А потом появляется Рэн.

Мое дыхание застывает в груди.

Он входит в школу, одетый с головы до ног в черное, толстовка на плечах потемнела от дождя, капюшон натянут на голову, его глаза уже ищут, ищут, ищут...

Его взгляд находит меня, стоящей на нижней ступеньке лестницы, и свет над его головой тускнеет. Я спускаюсь вниз, скользя по краю коридора, прижимаясь спиной к стене, и парни из Бунт-Хауса проталкиваются сквозь толпу, все еще захваченные разговором, который они вели, когда пришли. По крайней мере, двое из них. Рэн все еще стоит в другом конце коридора, остановившись напротив меня. Проходит напряженный момент, когда мы смотрим друг на друга через море суетящихся тел, наша линия видимости то чиста, то перекрыта потоком студентов, когда они проходят мимо нас.

Почему никто другой на это не реагирует? Как они могут не чувствовать электричества в воздухе? Почему все остальные так слепы, глухи и немы к давлению, которое нарастает вокруг них, пока мы с Рэном Джейкоби разделяем этот мучительный сюрреалистический момент?

— Забыла дорогу?

Я поднимаю глаза и вижу там Карину, прижимающую к груди свою школьную сумку, одетую в безупречно белую футболку и клетчатую юбку такую короткую, что она должна быть запрещена законом.

— Что, прости?

— Ты чего застыла? У тебя такой вид, будто ты увидела привидение, — смеется она.

— О. Ничего. Прости.

— Я думала, ты собираешься пойти и занять нам место. Пошли. Если мы не поторопимся, кто-нибудь другой захватит наш диван.

Я поднимаю взгляд — Рэн исчез.

Когда мы с Кариной входим, доктор Фитцпатрик уже стоит у входа в свою комнату.

— Ну же, девочки. Вы же знаете наказание за опоздание, — говорит он, ухмыляясь.

— И какое наказание? — шепчу я.

Карина хватает меня за руку и тянет к дивану.

— Тебе лучше этого не знать.

Как только мы садимся, я достаю из сумки блокнот и нервно верчу ручку в пальцах, оглядывая комнату. Я смотрю на каждого ученика в классе, прежде чем сдаюсь и позволяю своему взгляду скользнуть (так небрежно, как только могу) к потрепанному кожаному дивану на противоположной стороне комнаты.

Рэн там, где ему и положено быть... но сегодня он не развалился на спине, сердито уставившись в потолок. Он сидит прямо, как обычный человек, глаза прикованы к рукам, волосы падают ему на лицо, а темные брови слегка нахмурены. Дэшил и Пакс сидят на полу под окном, но сегодня они не подкалывают друг друга. Похоже, они оба исподтишка наблюдают за Рэном, что-то бормоча себе под нос. Дэш, должно быть, почувствовал, что я смотрю на него. Он резко вскидывает голову и смотрит прямо на меня.

Подождите. Нет. Не на меня. На Карину.

— Придурок, — ворчит она. — Каким же надо быть больным ублюдком, чтобы ухаживать за кем-то, лишить его гребаной девственности, унизить самым ужасным способом, какой только можно себе представить, а потом пялиться на него при каждом удобном случае?
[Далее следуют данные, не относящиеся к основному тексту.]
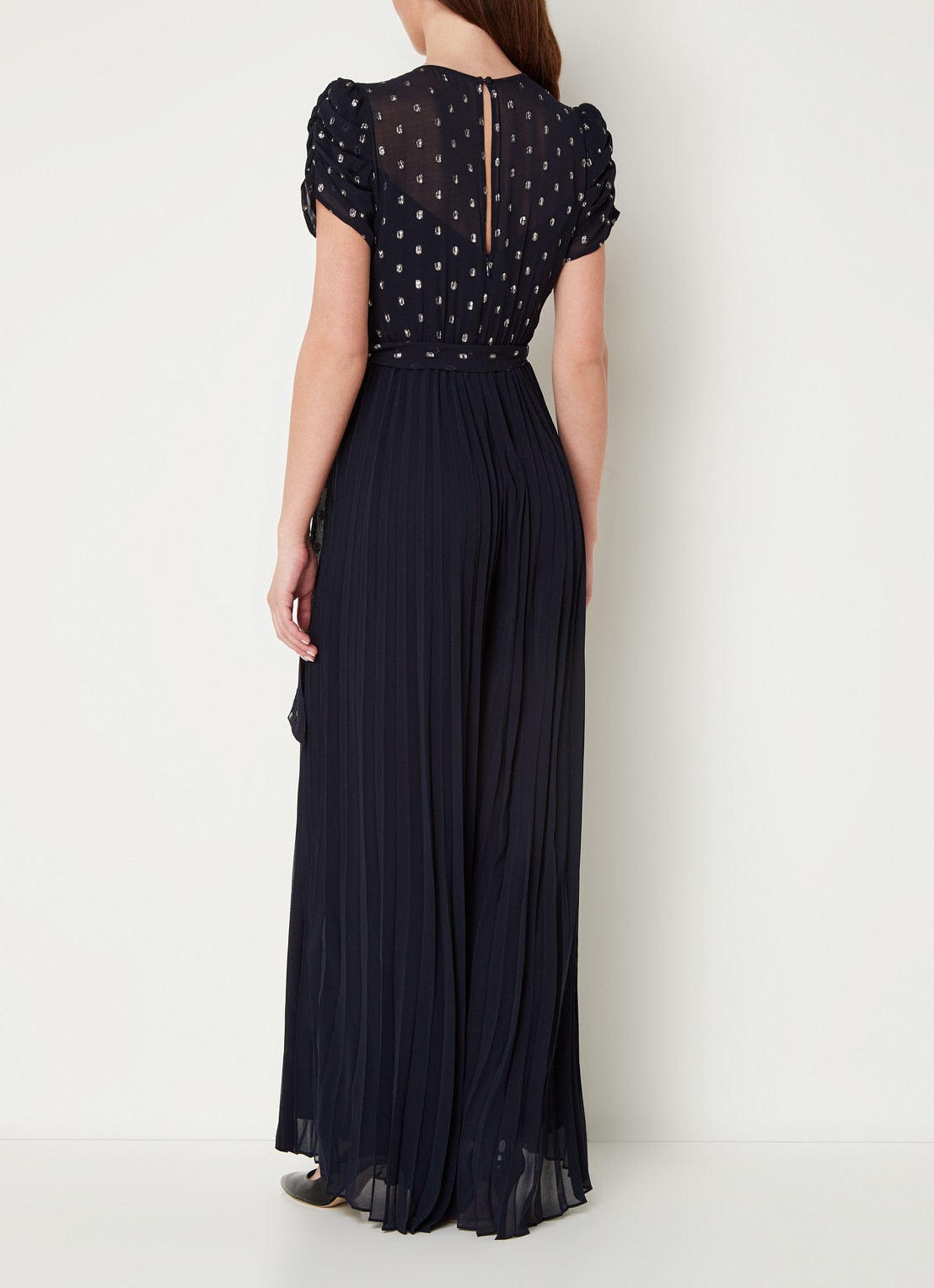 Phase Eight Molli wide fit jumpsuit met stippenprint en strikceintuur - achterkant 4 donkerblauw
Чего он пытается добиться, глядя на меня вот так?

Он ничего не пытается добиться. Он проживает все заново. Прокручивает все это в своей голове, наслаждаясь каждой секундой, когда вспоминает, как раздевал Карину и трахал ее до бесчувствия. Я знаю, потому что узнаю этот взгляд. То же самое ошеломленное, отстраненное выражение появлялось на моем лице по меньшей мере десять раз с субботнего вечера.

Я ему не писала.

Он мне не писал.

Что это значит? Неужели мы оба ждали, что другой протянет руку первым? Неужели мы оба были так упрямы и глупы, слишком поглощены собственной гордыней, чтобы даже общаться друг с другом? Или я все неправильно поняла? Или он просто доволен тем, что заполучил меня? Может я дала ему то, что он хотел, и теперь могу рассчитывать, что никогда больше не заговорю с ним?
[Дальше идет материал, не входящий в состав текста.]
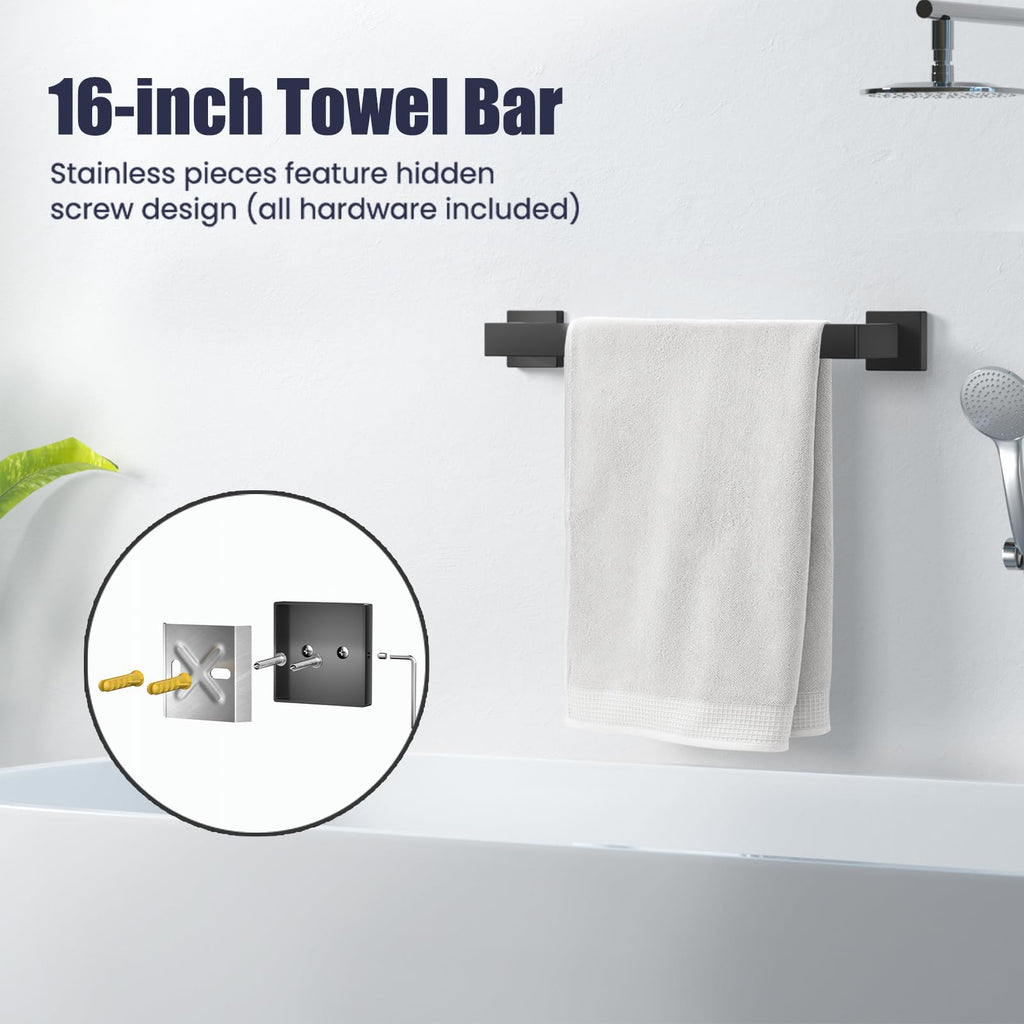 UPRONE Bathroom Hardware Accessories Set: Bath Towel Bar Set, Towel Racks for Bathroom Wall Mounted, SUS304 Stainless Steel (Matte Black, 7-Pieces)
— Я бы с удовольствием подошла прямо туда и шлепнула этого злобного придурка. Он, наверное, не думает, что я это сделаю. Хотя раньше я занималась кикбоксингом. Я могла бы ударить его достаточно сильно, чтобы оставить синяк. — Карина не замечает моей нарастающей паники.
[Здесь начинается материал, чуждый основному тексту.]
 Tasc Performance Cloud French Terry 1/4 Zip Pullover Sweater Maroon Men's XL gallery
Я не хочу быть той девушкой — девушкой, которая бесится из-за парня, подвергая сомнению каждое свое движение и переоценивая все до безумия. Я принимаю решение прямо здесь и сейчас: я не буду этой девушкой.

— Он, наверное, жалеет о том дне, когда испортил все с тобой, Карина. Не переживай. Он отвернулся.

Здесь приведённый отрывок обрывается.